Biosens Bioelectron. 2011 Apr 15;26(8):3700-4. doi: 10.1016/j.bios.2011.02.008. Epub 2011 Feb 16.
A novel probe based on colloidal gold nanoparticles (AuNPs) modified with goat anti-mouse IgG and horseradish peroxidase (HRP) was synthesized and an enhanced enzyme-linked immunosorbent assay (ELISA) based on the probe was developed. In the assay, the synthesized probe is bound with a monoclonal antibody (McAb) which is competitively bound by coated BSA-ITCBE-Pb(II) on plate and Pb(II) in samples. The HRP, used here for signal amplification catalytically oxidize the substrate and generate optical signals that is related to the concentration of Pb(II) and can be measured spectrophotometrically. For the monodisperse AuNPs having high surface areas, it can be conjugated with more amount of HRP than that of IgG. Therefore, compared with traditional ELISA, the signal amplification of catalytically oxidized substrate was enhanced. The detection limit for this novel modified AuNPs probe-based assay was 9 pg mL(-1). The recoveries obtained by standard Pb(II) addition to real samples, including a commercial mineral water, tap water, and lake water were all from 94.9% to 102.9%. And the coefficient of variation (CV) value of all samples was less than 10%. The results indicated that the enhanced assay gave higher sensitivity and reliable reproducibility. It could provide a general detection format for low-molecular weight contaminants.

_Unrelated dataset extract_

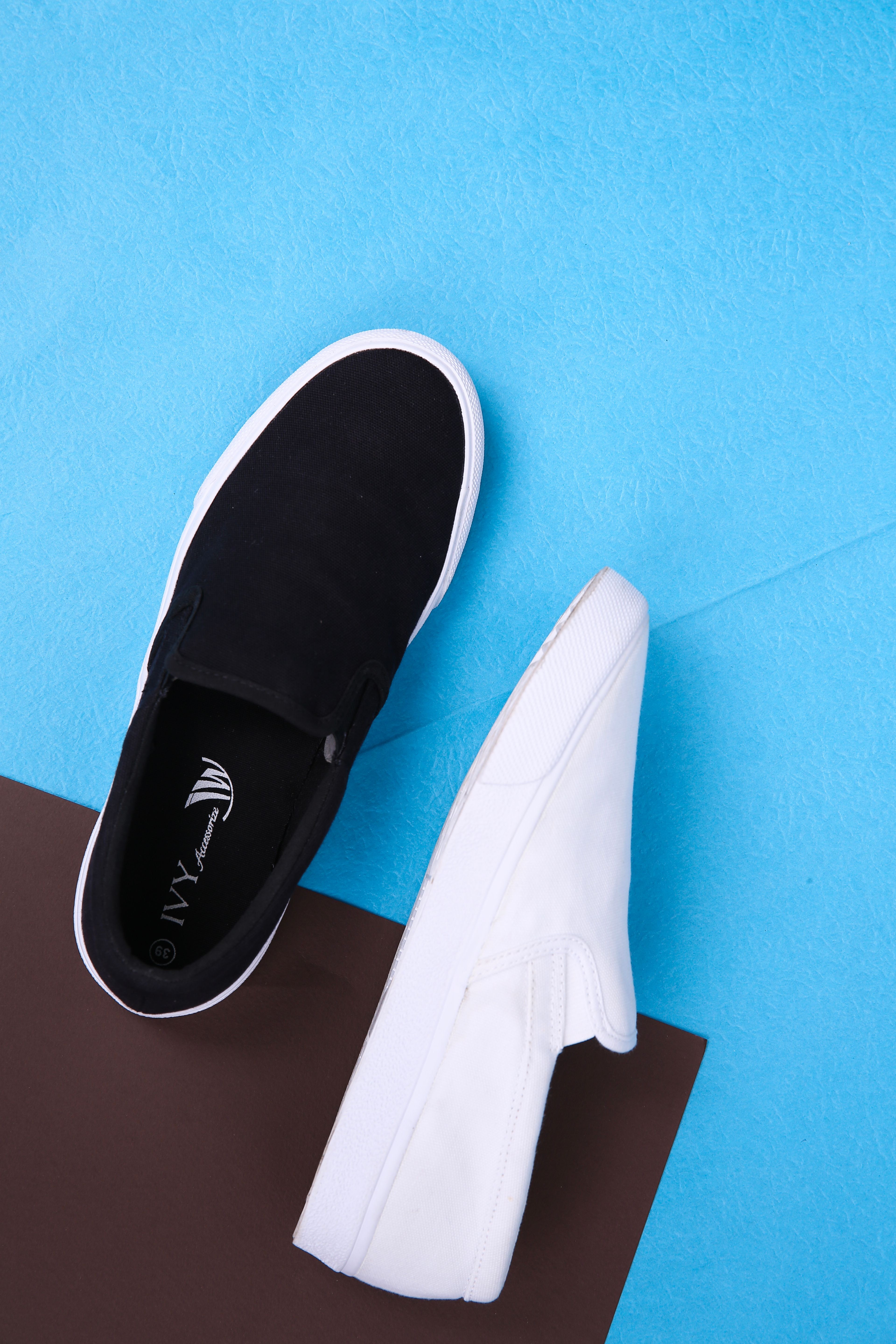 Tênis Slip On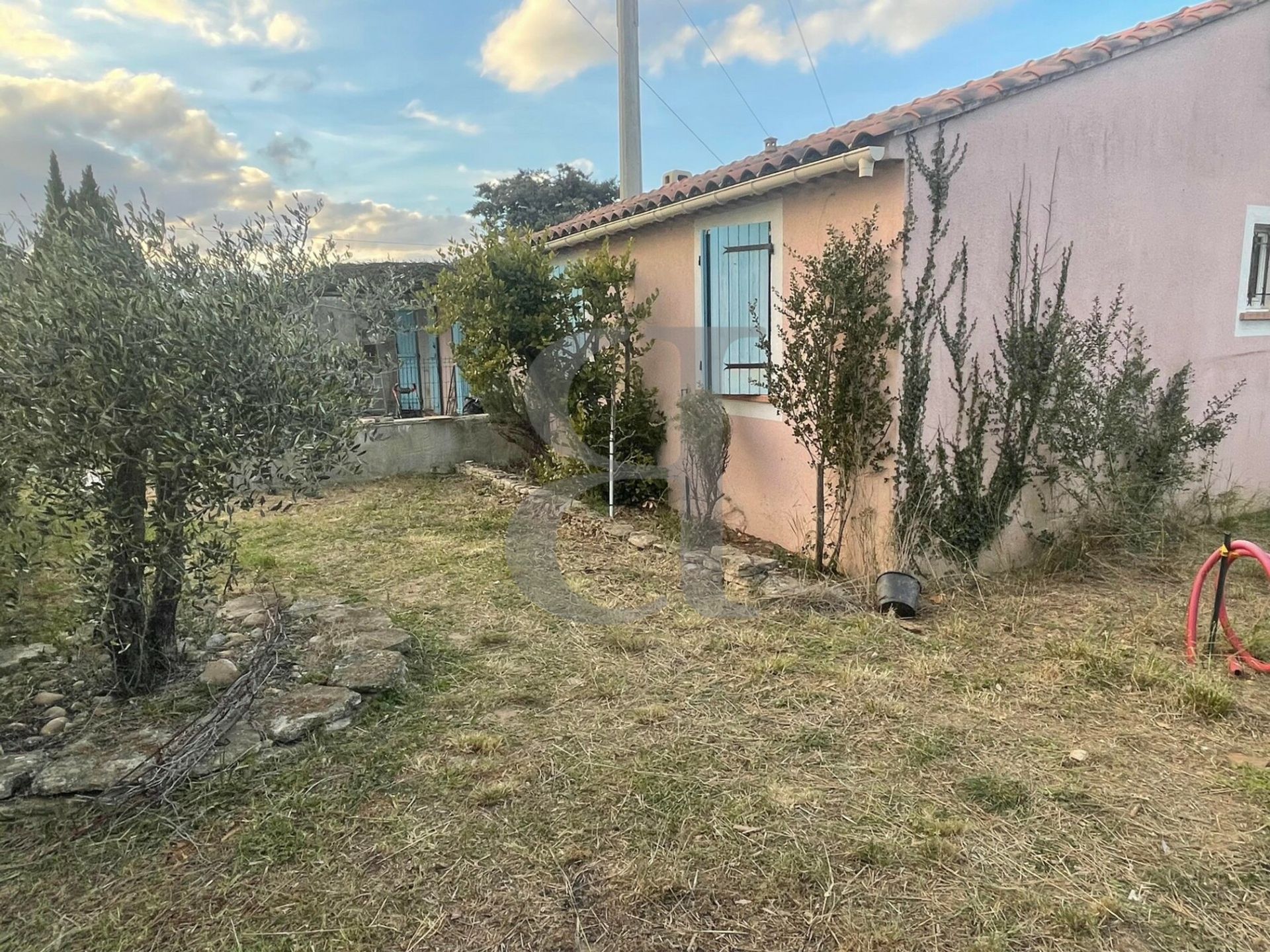 Casa nel Châteauneuf-de-Gadagne, Provence-Alpes-Côte d'Azur 10130882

基于胶体金纳米粒子(AuNPs)修饰的山羊抗小鼠 IgG 和辣根过氧化物酶(HRP)的新型探针被合成,并且基于该探针开发了增强型酶联免疫吸附测定(ELISA)。在该测定中,合成的探针与单克隆抗体(McAb)结合,该抗体与板上涂覆的 BSA-ITCBE-Pb(II)和样品中的 Pb(II)竞争结合。此处使用的 HRP 可催化氧化底物并产生与 Pb(II)浓度相关的光学信号,并且可以分光光度法测量。对于具有高表面积的单分散 AuNPs,可以比 IgG 结合更多量的 HRP。因此,与传统 ELISA 相比,催化氧化底物的信号放大得到了增强。该新型修饰的 AuNPs 探针测定的检测限为 9 pg mL(-1)。通过向实际样品(包括商业矿泉水、自来水和湖水)中添加标准 Pb(II)获得的回收率均在 94.9%至 102.9%之间。并且所有样品的变异系数(CV)值均小于 10%。结果表明,增强的测定法具有更高的灵敏度和可靠的重现性。它可以为低分子量污染物提供通用的检测格式。